**Dataset excerpt**

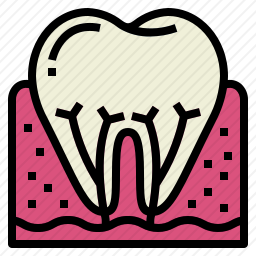 <em>牙齿</em>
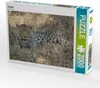CALVENDO Puzzle Leopard 2000 Teile Puzzle quer | 2000 Teile Produktbild-Vorschau 2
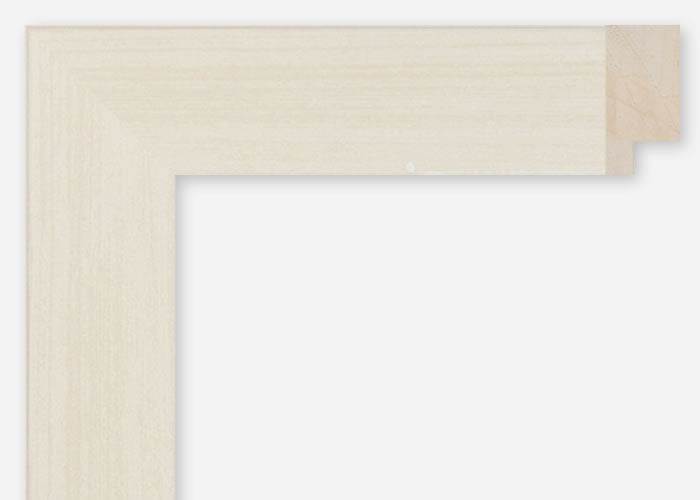 Custom Frame CFCDMS-10471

**Work task**
Your output should consist solely of the lines from the line containing "CALVENDO Puzzle Leopard" through the end of the data above, copied exactly, with images removed.

**Task output**
CALVENDO Puzzle Leopard 2000 Teile Puzzle quer | 2000 Teile Produktbild-Vorschau 2
 Custom Frame CFCDMS-10471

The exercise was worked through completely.